Gubernur Sumatra Utara Edy Rahmayadi menanggapi protes yang dilayangkan oleh eks Kepala Dinas Pekerjaan Umum dan Penataan Ruang (PUPR) Sumut Bambang Pardede.

Mantan anak buahnya itu juga berencana melaporkan Edy Rahmayadi ke Pengadilan Tata Usaha Negara (PTUN) terkait SK pembebas tugasannya dari jabatan Kadis PUPR dan SK demosi dirinya dari Eselon II ke Eselon III.

"Jadi begini, jabatan itu bukan hak, jabatan itu adalah kepercayaan. Mudah-mudahan tahu lah itu semua. Tetapi kalau gaji itu hak," ujar Edy Rahmayadi saat diwawancarai di kantornya, Kamis (22/6/2023).

Menyikapi upaya hukum tersebut, Edy Rahmayadi menilai, protes yang dilakukan Bambang Pardede sah-sah saja.
Tetapi, ia memastikan bahwa keputusan terhadap Bambang Pardede sudah sesuai dengan evaluasi kinerja.

"Ya boleh-boleh saja kita protes sana sini, tetapi semua inikan ada standard kinerja. Ada yang mengatur, saya inikan hanya sebagai ketua, tapi prosedur itu harus dilaksanakan," katanya.

Menurut Mantan Pangkostrad itu, semua Aparatur Sipil Negara (ASN) dinilai kinerjanya yang dilakukan oleh tim khusus.

"Silakan saja (melapor), inikan juga atas seizin KASN, semua itu ada aturannya, makanya di eselon II itu kalau tentara jenderal itu, dia ada estetika, ada skill kemampuannya, jadi tuntutannya di situ. Sehingga dinilai lah kinerja, siapa yang menilai?
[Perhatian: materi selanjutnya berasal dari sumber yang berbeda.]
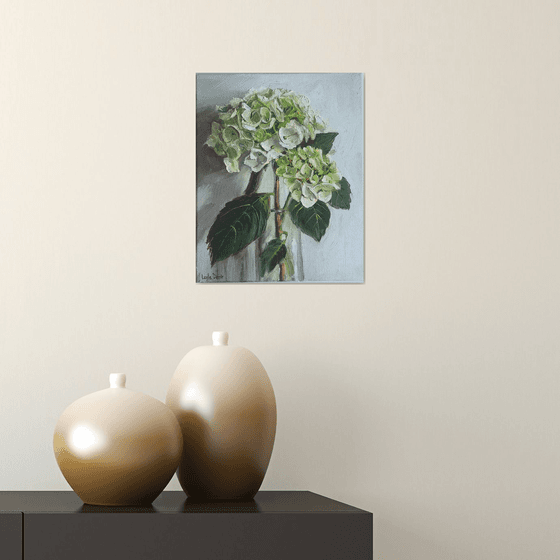 White hydrangea flower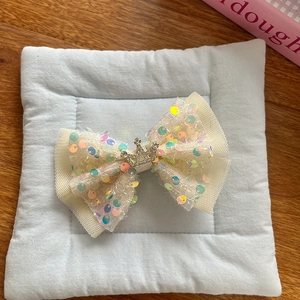 Barrette nœud pailletée avec couronne de strass pour filles accessoires cheveux princesse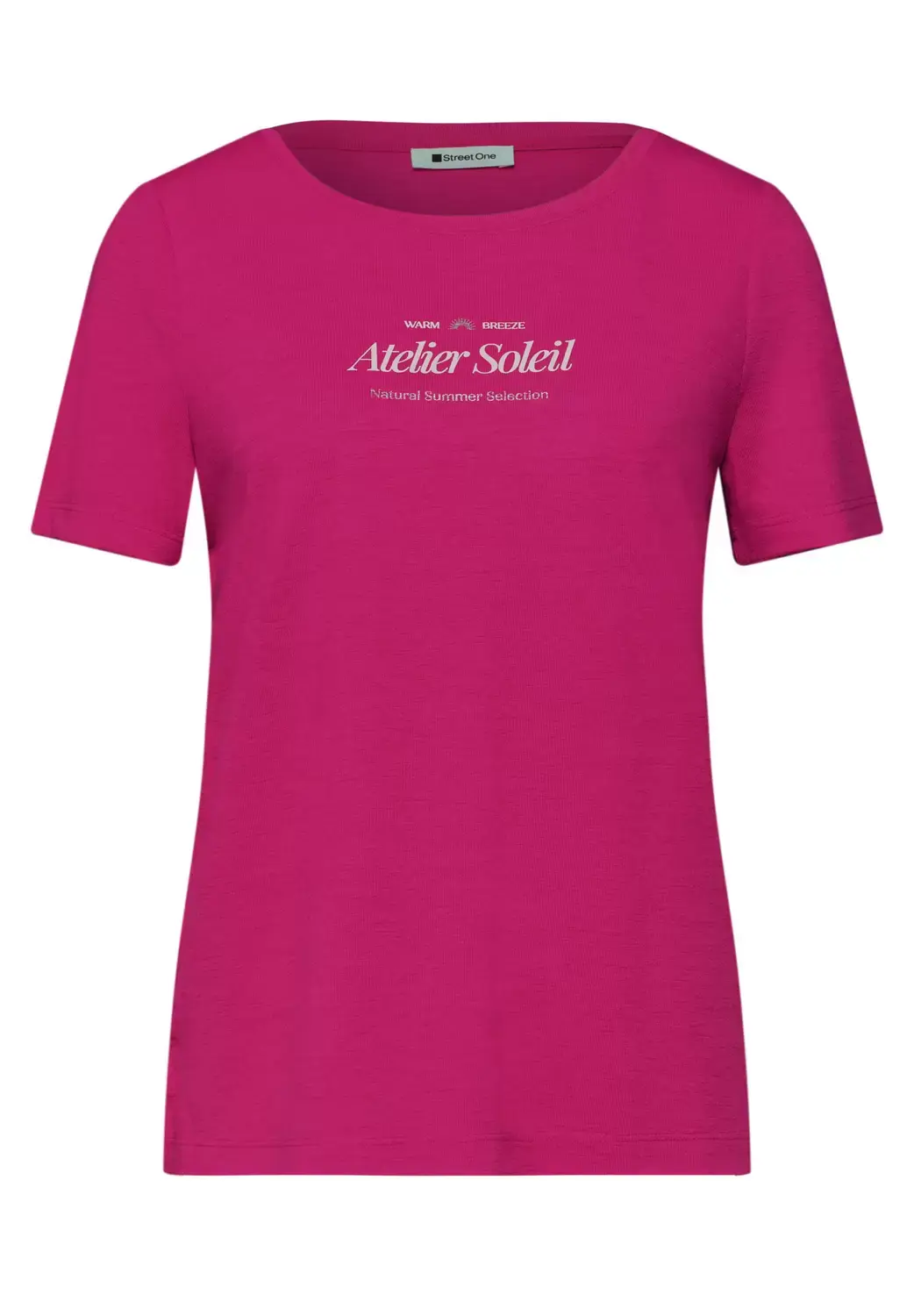Street One SOL_partprint shirt w.short sl, magenta dream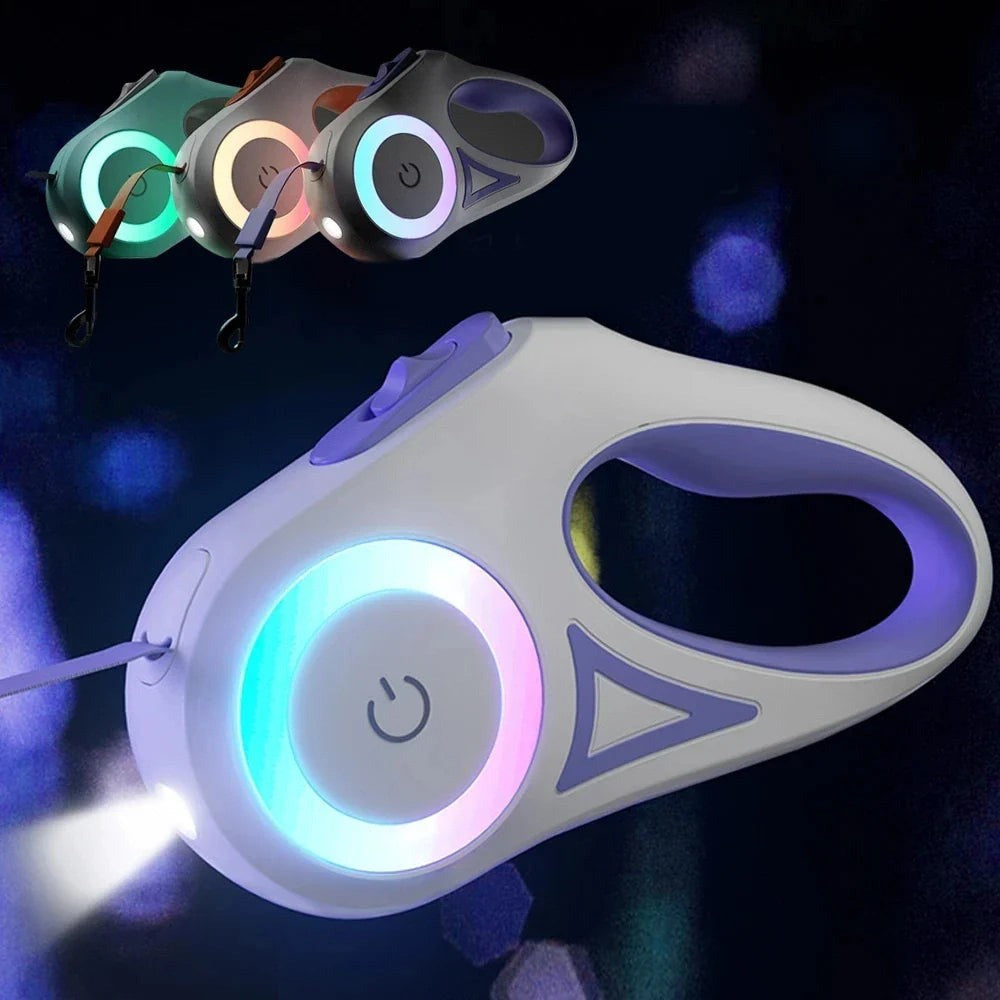 LumiTrail LED hondenlijn 5 meter paars-wit met RGB LED-ring en zaklamp — kleurenoverzicht met groen en oranje varianten
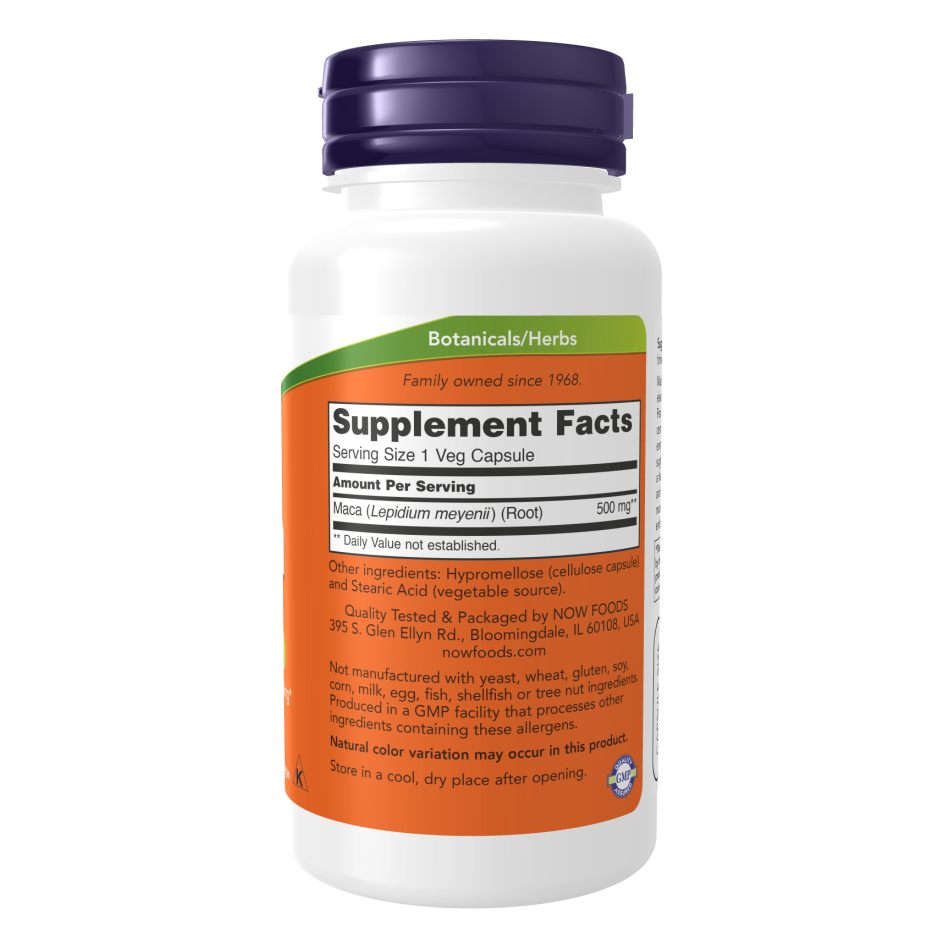 NOW Foods Maca 500mg | 100 Veg Capsules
Ada timnya," ungkapnya.

"Semua ini dinilai ini, yang tak dinilai saya saja, sama wagub, karena saya pejabat politik. Yang menilai saya siapa? Rakyat," ucapnya.

Edy pun mengaku Bambang Pardede belum pernah menemuinya secara langsung untuk membicarakan protesnya terhadap keputusan gubernur.

"Tak ada (menanyakan). Katanya ada suratnya ke saya, alah ngapain surat-suratan, kan dekat saja, orang satu Medan di sini. Datang saja ke tempat saya nanti kan dijawab," ucapnya.

Edy Rahmayadi mengaku sudah memberikan peringatan kepada eks Kepala Dinas Pekerjaan Umum dan Penataan Ruang (PUPR) Sumut Bambang Pardede sebelum mencopotnya dan menurunkan jabatannya ke Eselon III.

Edy juga mengaku sangat dekat dengan Bambang Pardede yang merupakan juniornya di SMA Negeri 1 Medan.

"Tiga kali sudah dikasih peringatan dari organisasi, semua berlaku sama, perkara dekat oh dekat sekali. Orang dia adik kelas saya di SMA Negeri 1," katanya.

Edy menuturkan, kesalahan fatal yang dilakukan Bambang Pardede sehingga harus didemosi (penurunan jabatan) adalah murni karena kinerja.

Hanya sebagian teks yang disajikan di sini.